8.6. Delimited Text Converter¶
The delimited text converter handles plain delimited text files such as CSV or TSV. To use the delimited text
converter, specify type = "delimited-text"
in your converter definition.
8.6.1. Configuration¶
The format of the delimited files must be defined using the format
element. GeoMesa uses
Apache Commons CSV for parsing. The available
formats are instances of org.apache.commons.csv.CSVFormat
:
- DEFAULT or CSV:
CSVFormat.DEFAULT
- TDF or TSV:
CSVFormat.TDF
- QUOTED:
CSVFormat.DEFAULT.withQuoteMode(QuoteMode.ALL)
- QUOTE_ESCAPE:
CSVFormat.DEFAULT.withEscape('"')
- QUOTED_WITH_QUOTE_ESCAPE:
CSVFormat.DEFAULT.withEscape('"').withQuoteMode(QuoteMode.ALL)
- EXCEL:
CSVFormat.EXCEL
- MYSQL:
CSVFormat.MYSQL
- RFC4180:
CSVFormat.RFC4180
In addition, GeoMesa supports custom quote, escape and delimiter characters, which can be used to modify the
base format. These can be specified through options.quote
, options.escape
and options.delimiter
.
Quotes and escapes can be disabled by setting the option to an empty string.
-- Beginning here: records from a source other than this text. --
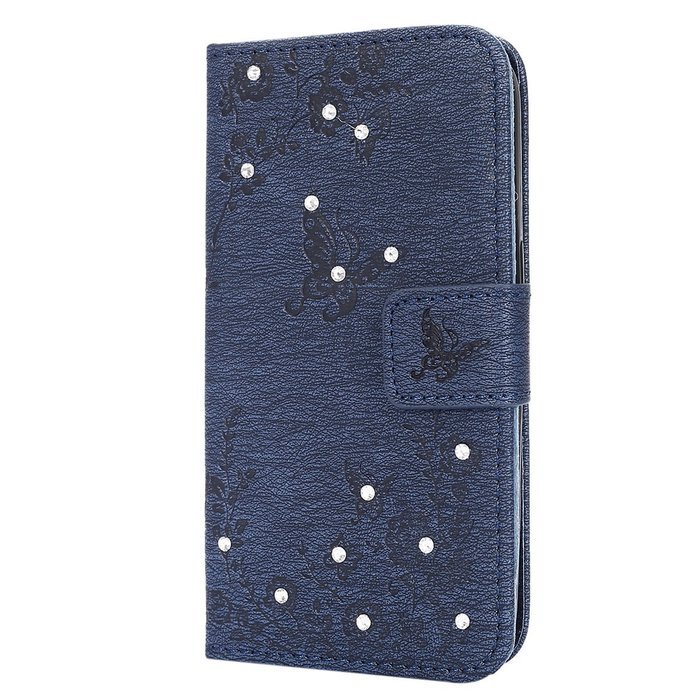 Galaxy Core Prime Wallet Case,PHEZEN Serect Garden Butterfly Flower Inlaid Shiny Glitter Diamond Pu Leather Flip... N48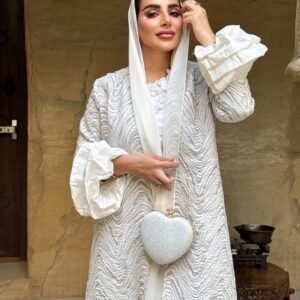 Luxury Jacquard Abaya with Taffeta Puff Sleeves – Full Set with Inner & Sheilah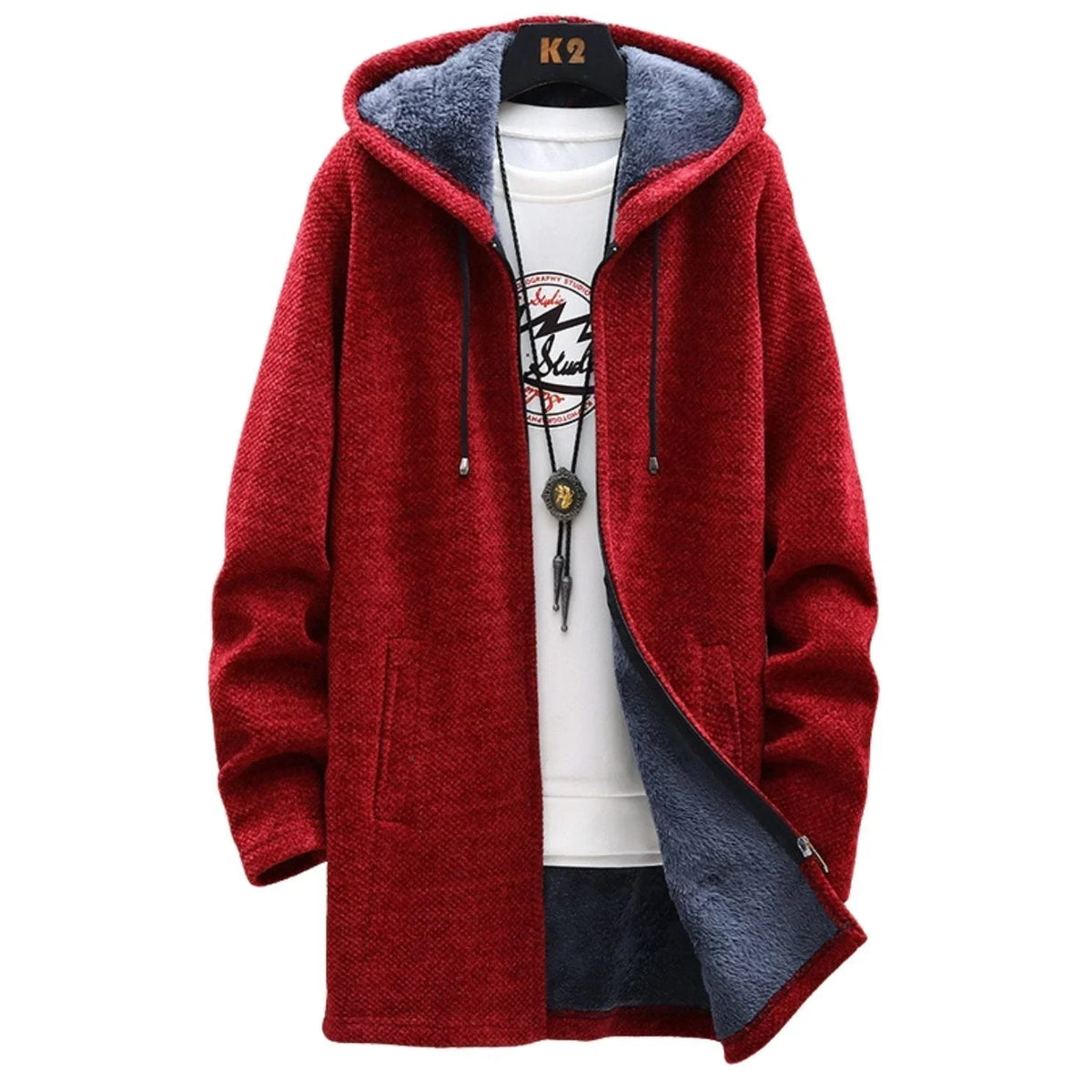 Women's knit zip-up hooded cardigan with sherpa lining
If the input files have header lines, they can be skipped over by specifying a number of lines to skip
using options.skip-lines
, e.g. options.skip-lines = 1
.
8.6.2. Transform Functions¶
The transform
element supports referencing each field in the record by its column number using $
. $0
refers to the whole line, then the first columns is $1
, etc. Each column will initially be a string, so
further transforms may be necessary to create the correct type. See Transformation Function Overview for more details.
8.6.3. Example Usage¶
Suppose you have a SimpleFeatureType
with the following schema:
phrase:String,dtg:Date,*geom:Point:srid=4326
And you have the following comma-separated data:
first,hello,2015-01-01T00:00:00.000Z,45.0,45.0
second,world,2015-01-01T00:00:00.000Z,45.0,45.0
We want to concatenate the first two fields together to form the phrase, parse the third field as a date, and
use the last two fields as coordinates for a Point
geometry. The following configuration defines an appropriate
converter for taking this CSV data and transforming it into our SimpleFeatureType
:
geomesa.converters.example = {
type = "delimited-text",
format = "CSV",
id-field = "md5(stringToBytes($0))",
fields = [
{ name = "phrase", transform = "concatenate($1, $2)" },
{ name = "dtg", transform = "dateHourMinuteSecondMillis($3)" },
{ name = "lat", transform = "$4::double" },
{ name = "lon", transform = "$5::double" },
{ name = "geom", transform = "point($lon, $lat)" }
]
user-data = {
// note: keys will be treated as strings and should not be quoted
my.user.key = "$phrase"
}
}
The id
of the SimpleFeature
is formed from an MD5 hash of the
entire record ($0
is the original data). The simple feature attributes
are created from the fields
list with appropriate transforms (note the
use of intermediate fields ‘lat’ and ‘lon’). If desired, user data for the
feature can be set by referencing fields. This can be used for setting
Accumulo visibility constraints, among other things (see Accumulo Visibilities).